* [Your task]: Your output should be everything below from the line containing "Подушечки для бюстгальтера" down to the line containing "William Morris's Diaper", both ends included, copied exactly, with pictures left out.

* [Material provided]:
+-------+

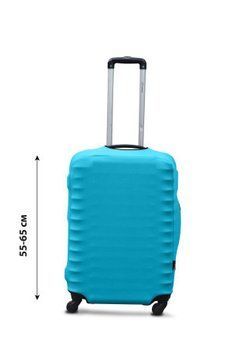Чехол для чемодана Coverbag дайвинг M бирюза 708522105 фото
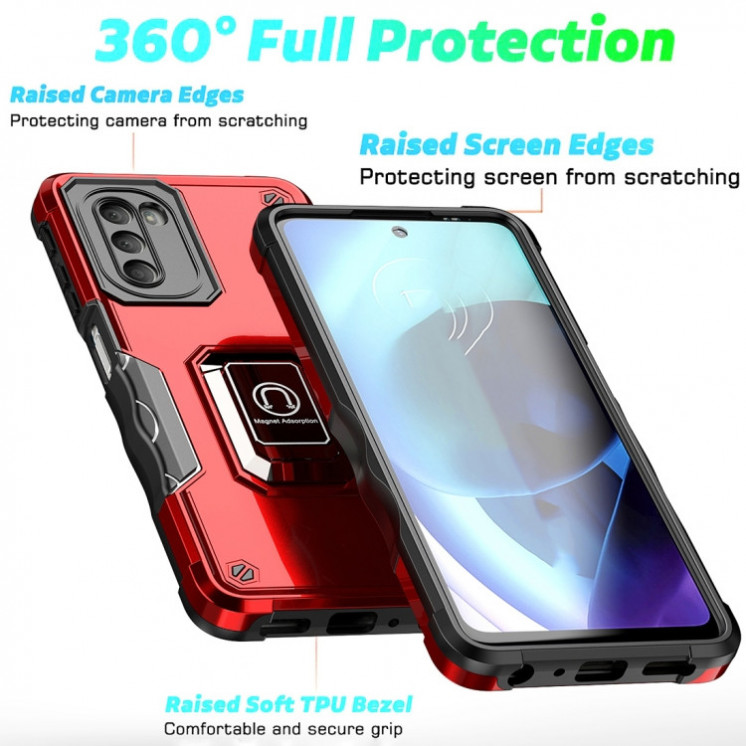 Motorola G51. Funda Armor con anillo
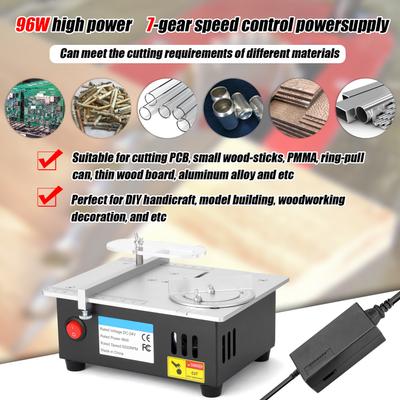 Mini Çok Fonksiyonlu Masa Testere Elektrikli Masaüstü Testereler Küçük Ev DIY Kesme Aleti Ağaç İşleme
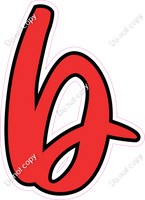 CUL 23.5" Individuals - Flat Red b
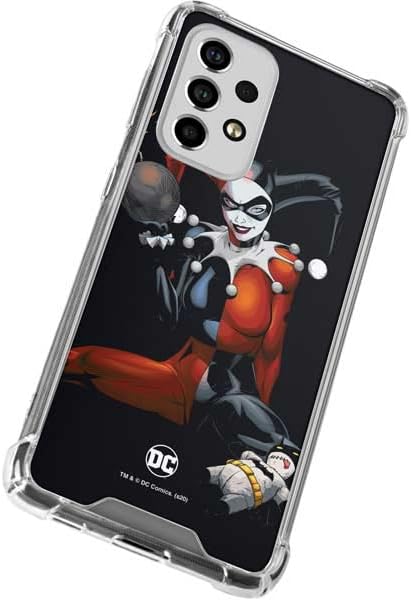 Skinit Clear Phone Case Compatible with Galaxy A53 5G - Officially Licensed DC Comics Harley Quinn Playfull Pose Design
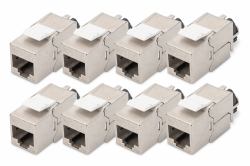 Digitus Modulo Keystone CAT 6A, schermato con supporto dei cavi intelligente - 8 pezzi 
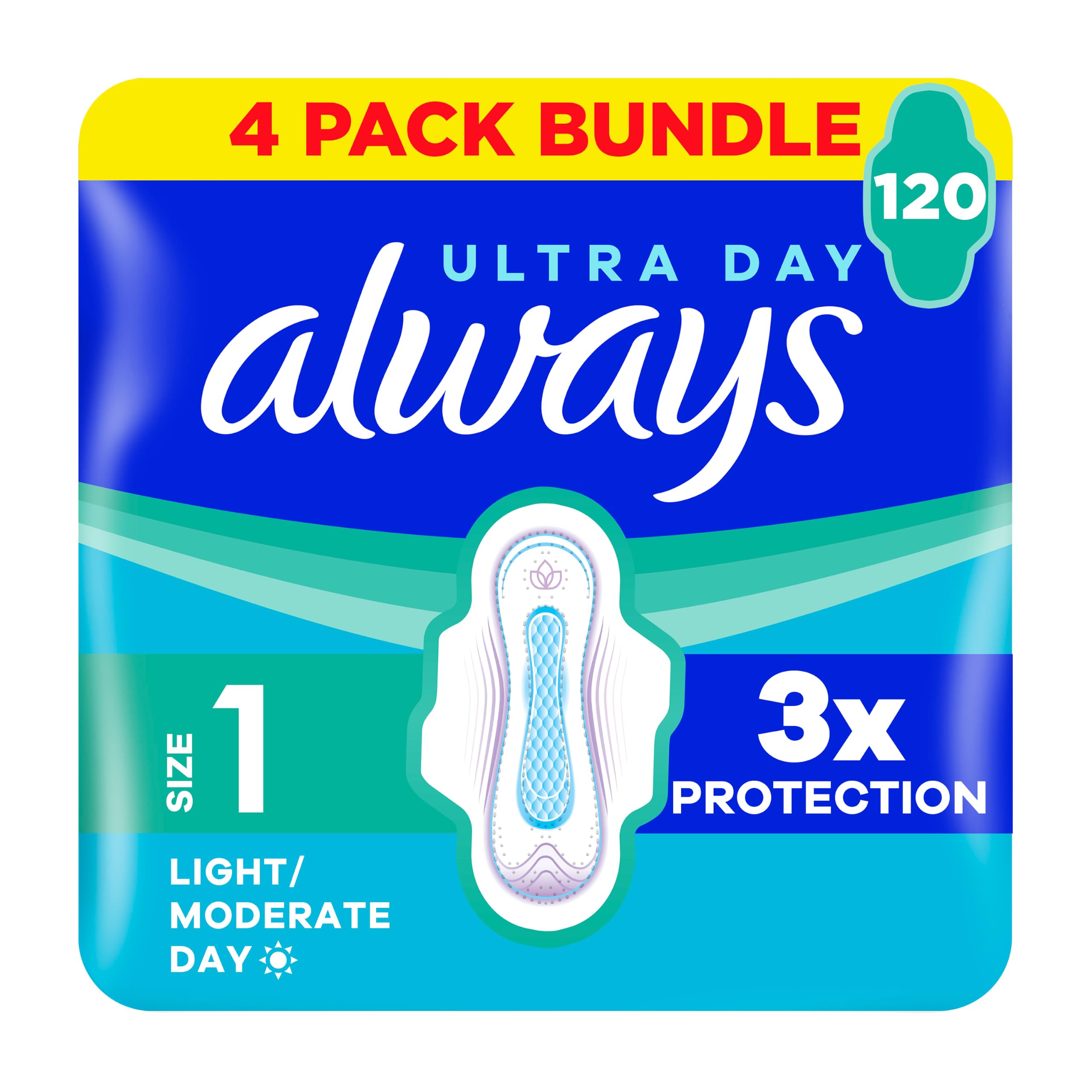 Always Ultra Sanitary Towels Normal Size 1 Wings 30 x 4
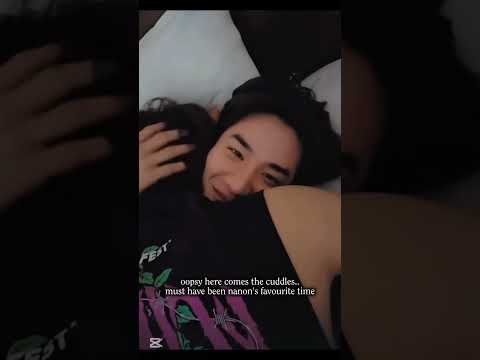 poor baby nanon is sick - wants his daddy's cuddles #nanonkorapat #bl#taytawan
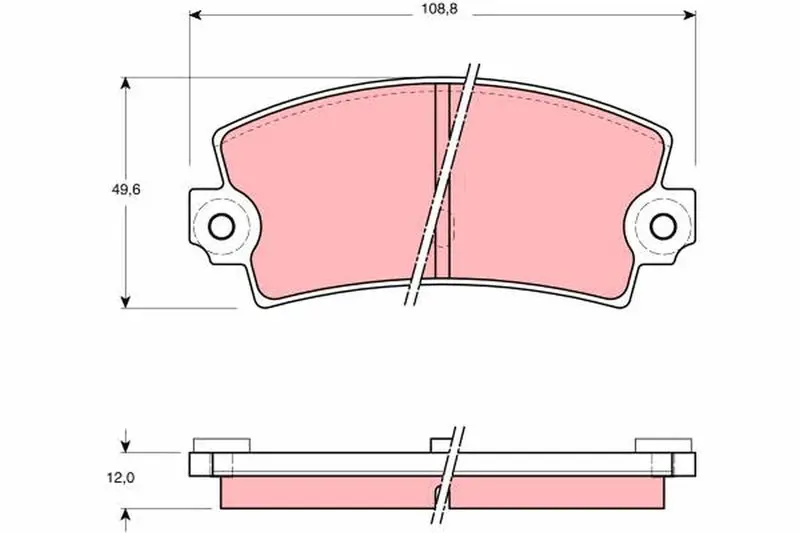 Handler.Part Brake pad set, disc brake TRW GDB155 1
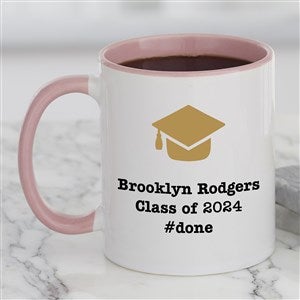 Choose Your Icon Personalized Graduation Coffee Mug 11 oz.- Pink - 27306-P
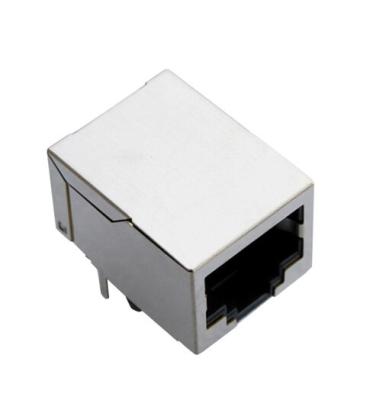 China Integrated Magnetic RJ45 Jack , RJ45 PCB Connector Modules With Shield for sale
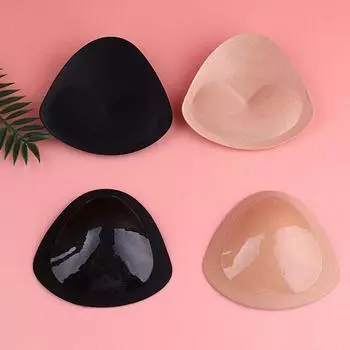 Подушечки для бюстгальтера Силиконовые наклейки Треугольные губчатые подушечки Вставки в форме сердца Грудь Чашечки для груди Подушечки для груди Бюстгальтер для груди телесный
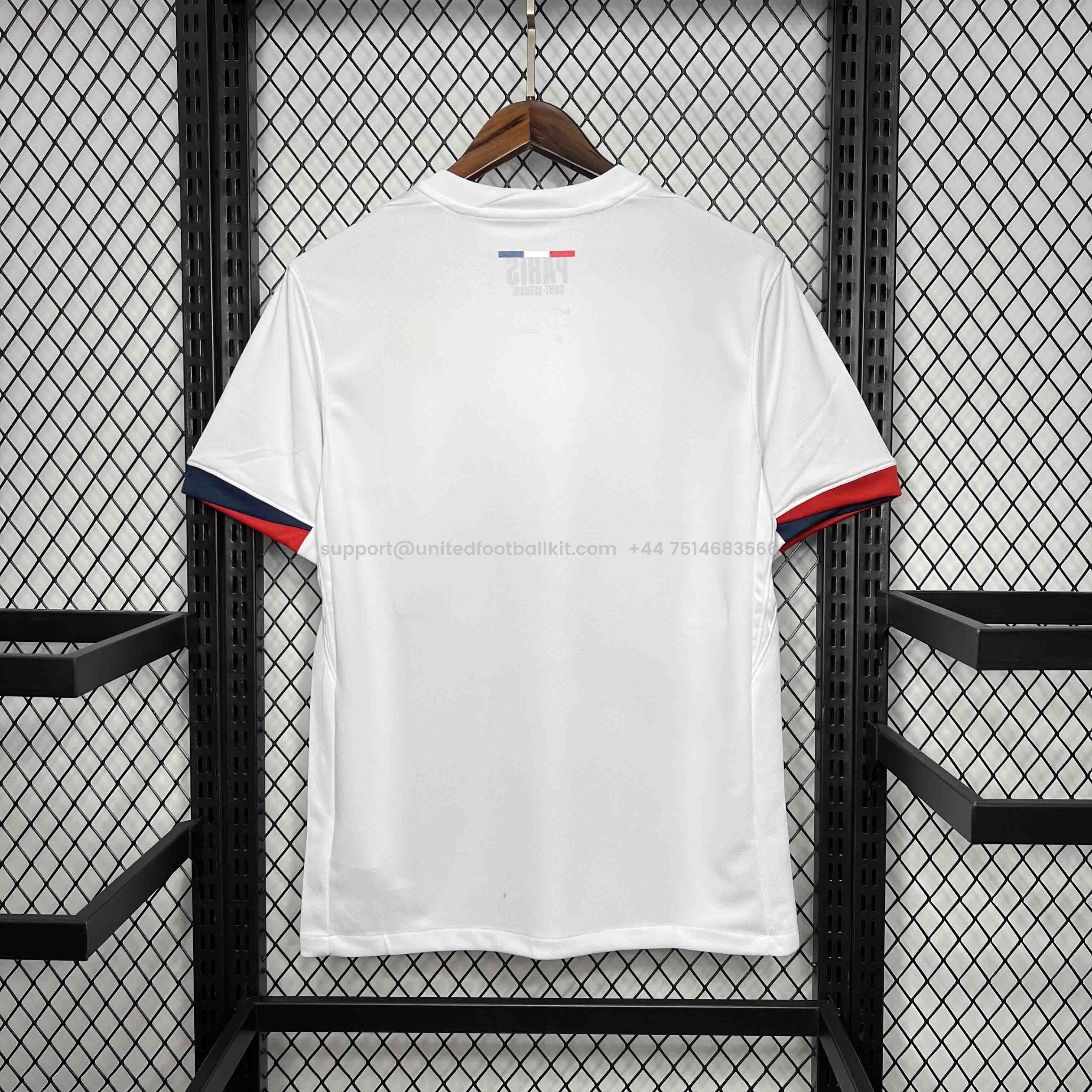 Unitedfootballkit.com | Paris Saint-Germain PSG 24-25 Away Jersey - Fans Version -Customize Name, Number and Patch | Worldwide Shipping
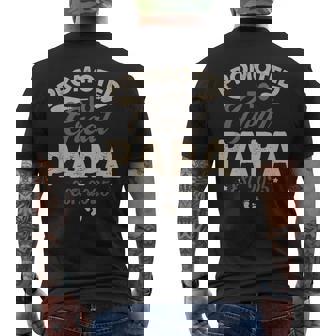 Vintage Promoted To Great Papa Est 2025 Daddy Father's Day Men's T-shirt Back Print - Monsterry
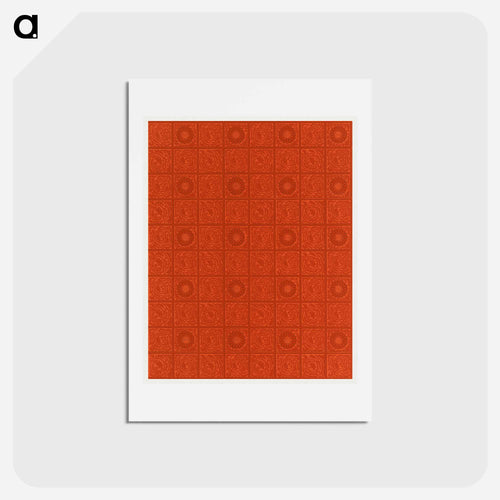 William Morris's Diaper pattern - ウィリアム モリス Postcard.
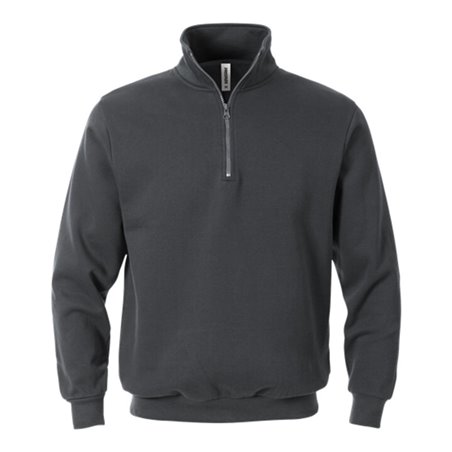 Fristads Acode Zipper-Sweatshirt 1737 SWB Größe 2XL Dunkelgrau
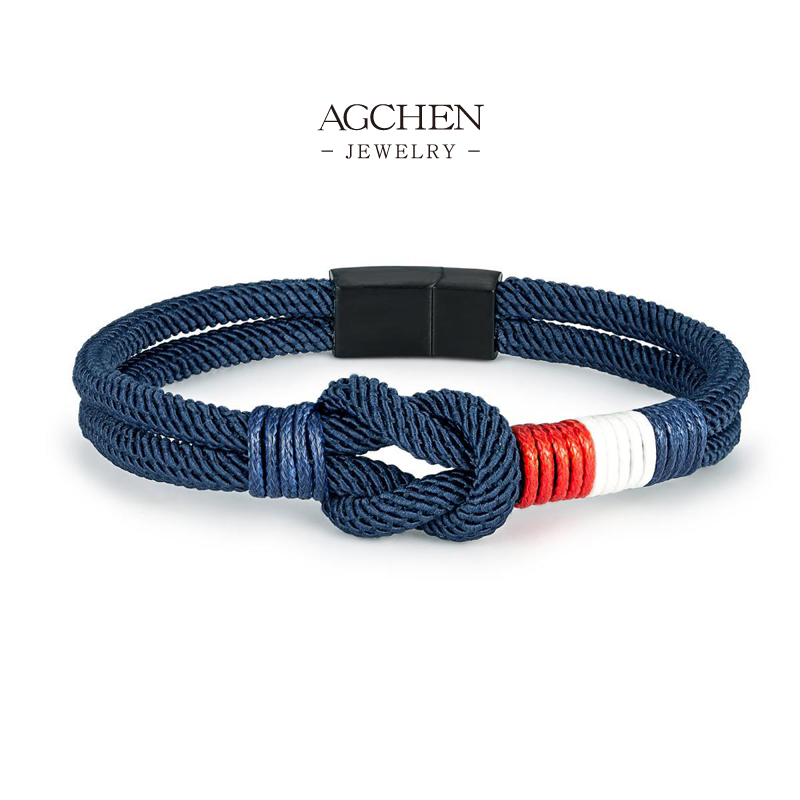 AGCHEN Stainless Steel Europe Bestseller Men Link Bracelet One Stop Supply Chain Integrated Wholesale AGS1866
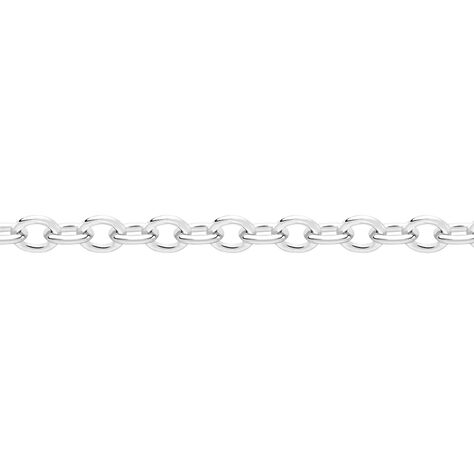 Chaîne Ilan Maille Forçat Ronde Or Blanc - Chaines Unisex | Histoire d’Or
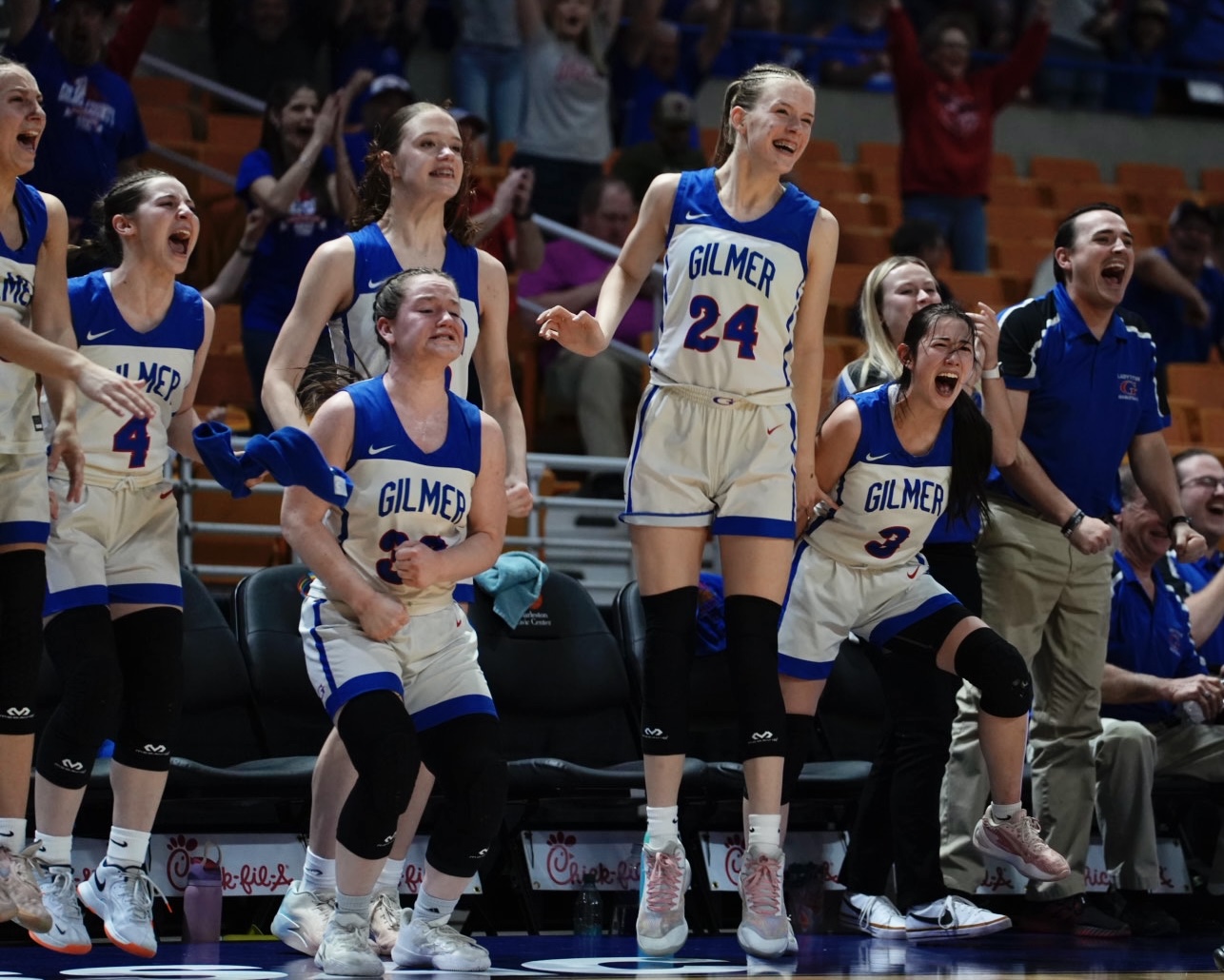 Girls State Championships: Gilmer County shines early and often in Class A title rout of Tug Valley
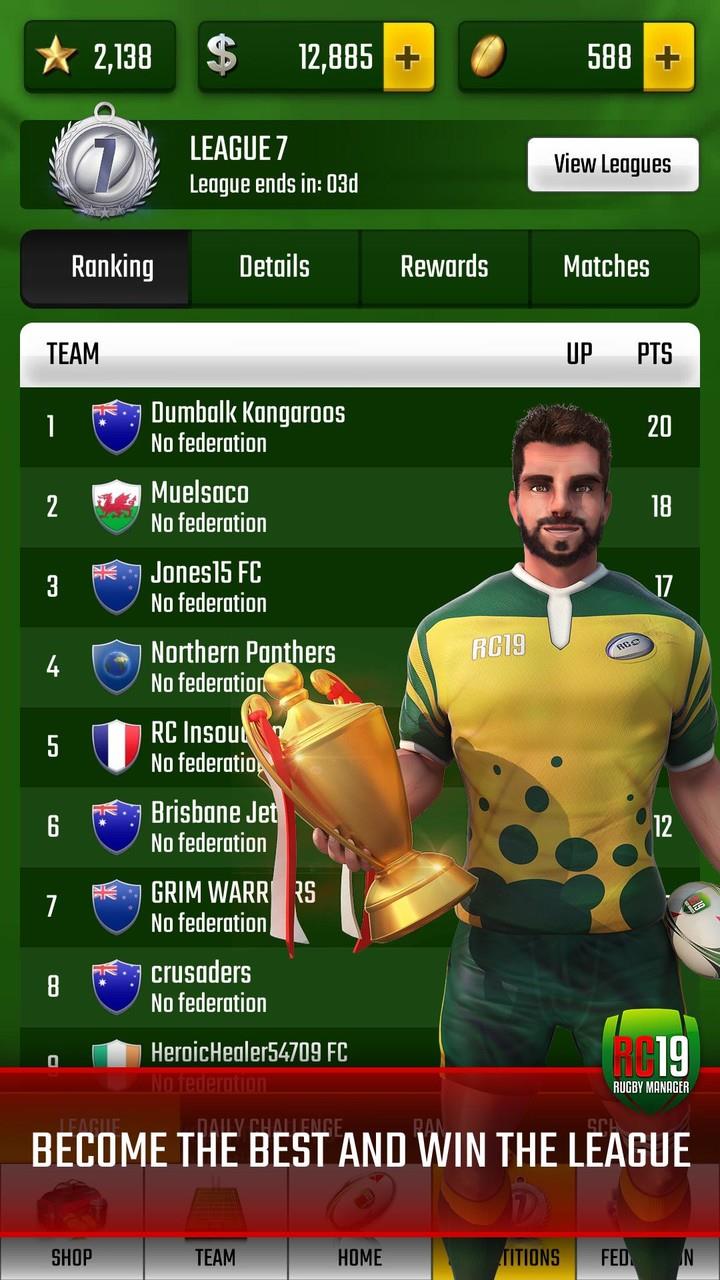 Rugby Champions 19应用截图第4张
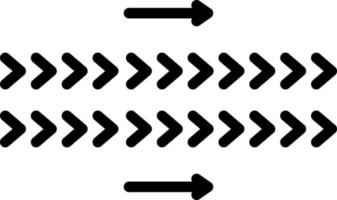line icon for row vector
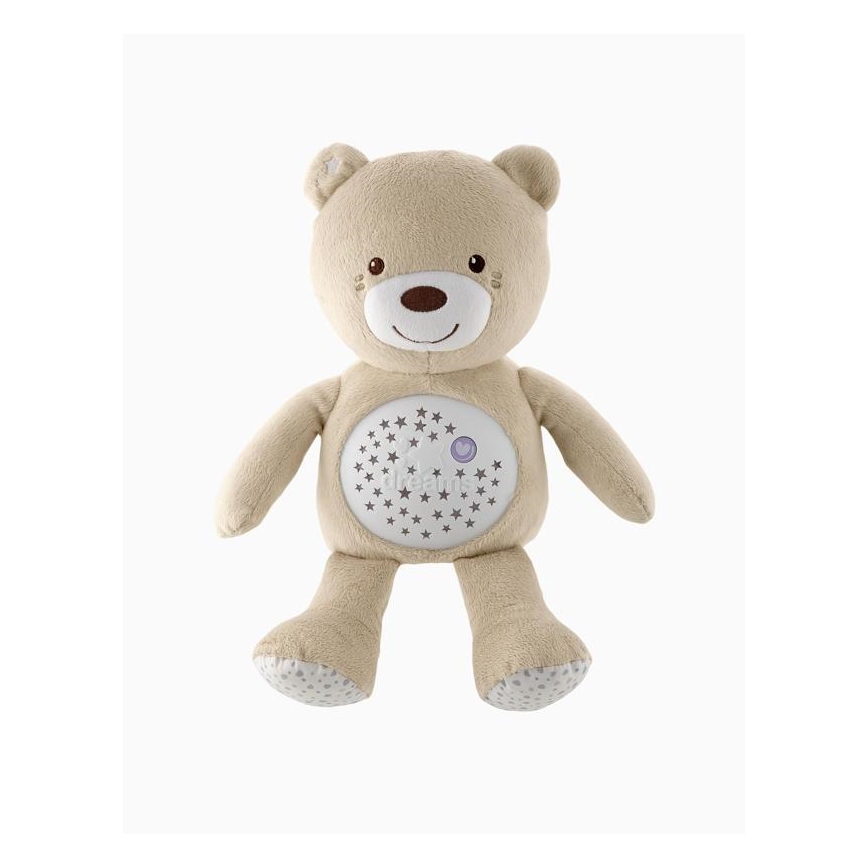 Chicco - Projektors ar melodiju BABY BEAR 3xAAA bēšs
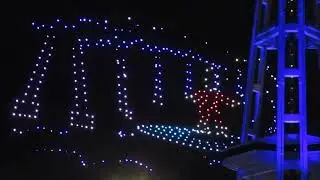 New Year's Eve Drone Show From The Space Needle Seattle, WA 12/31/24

+-------+

* [Answer to the problem]:
 Подушечки для бюстгальтера Силиконовые наклейки Треугольные губчатые подушечки Вставки в форме сердца Грудь Чашечки для груди Подушечки для груди Бюстгальтер для груди телесный
 Unitedfootballkit.com | Paris Saint-Germain PSG 24-25 Away Jersey - Fans Version -Customize Name, Number and Patch | Worldwide Shipping
 Vintage Promoted To Great Papa Est 2025 Daddy Father's Day Men's T-shirt Back Print - Monsterry
 William Morris's Diaper pattern - ウィリアム モリス Postcard.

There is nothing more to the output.